Exercise |
In the data that follows, give the number of lines containing the word "outra". Offer no additional comment.

Web page caption snippets:
....

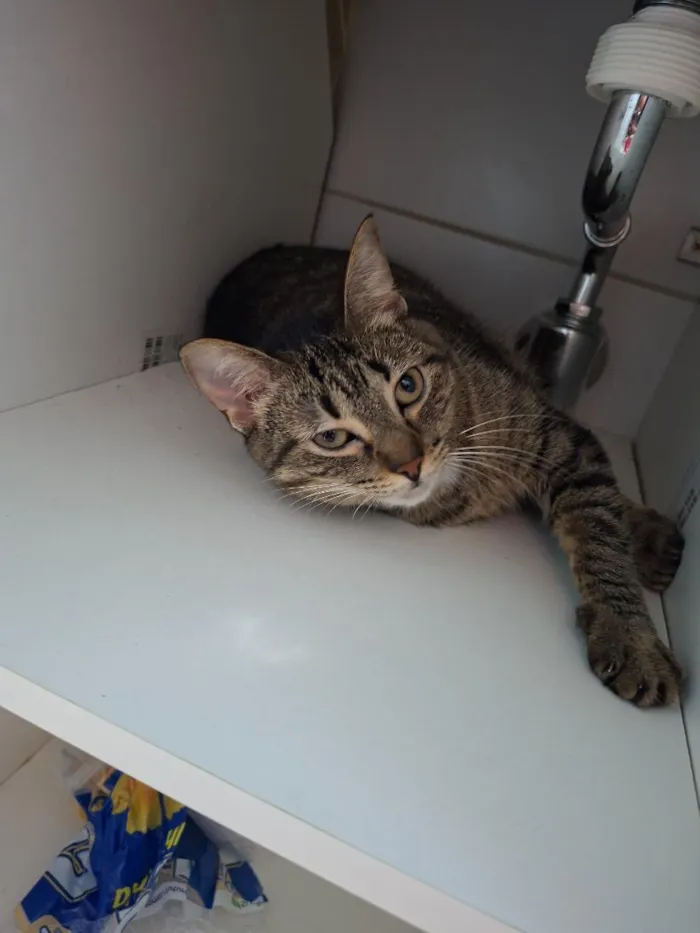 Gato raça SRD-ViraLata idade 2 anos nome Bella
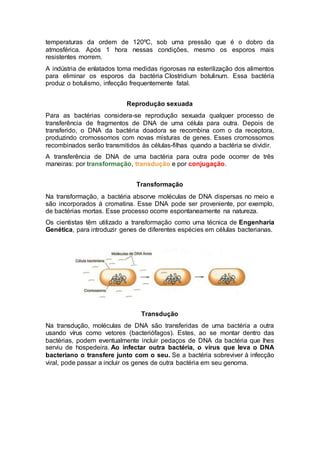 temperaturas da ordem de 120ºC, sob uma pressão que é o dobro da
atmosférica. Após 1 hora nessas condições, mesmo os esporos mais
resistentes morrem.
A indústria de enlatados toma medidas rigorosas na esterilização dos alimentos
para eliminar os esporos da bactéria Clostridium botulinum. Essa bactéria
produz o botulismo, infecção frequentemente fatal.
Reprodução sexuada
Para as bactérias considera-se reprodução sexuada qualquer processo de
transferência de fragmentos de DNA de uma célula para outra. Depois de
transferido, o DNA da bactéria doadora se recombina com o da receptora,
produzindo cromossomos com novas misturas de genes. Esses cromossomos
recombinados serão transmitidos às células-filhas quando a bactéria se dividir.
A transferência de DNA de uma bactéria para outra pode ocorrer de três
maneiras: por transformação, transdução e por conjugação.
Transformação
Na transformação, a bactéria absorve moléculas de DNA dispersas no meio e
são incorporados à cromatina. Esse DNA pode ser proveniente, por exemplo,
de bactérias mortas. Esse processo ocorre espontaneamente na natureza.
Os cientistas têm utilizado a transformação como uma técnica de Engenharia
Genética, para introduzir genes de diferentes espécies em células bacterianas.
Transdução
Na transdução, moléculas de DNA são transferidas de uma bactéria a outra
usando vírus como vetores (bacteriófagos). Estes, ao se montar dentro das
bactérias, podem eventualmente incluir pedaços de DNA da bactéria que lhes
serviu de hospedeira. Ao infectar outra bactéria, o vírus que leva o DNA
bacteriano o transfere junto com o seu. Se a bactéria sobreviver à infecção
viral, pode passar a incluir os genes de outra bactéria em seu genoma.
 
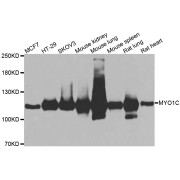 Western blot analysis of extracts of various cell lines, using MYO1C antibody (abx005266) at 1/1000 dilution.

....

Output of the task |
5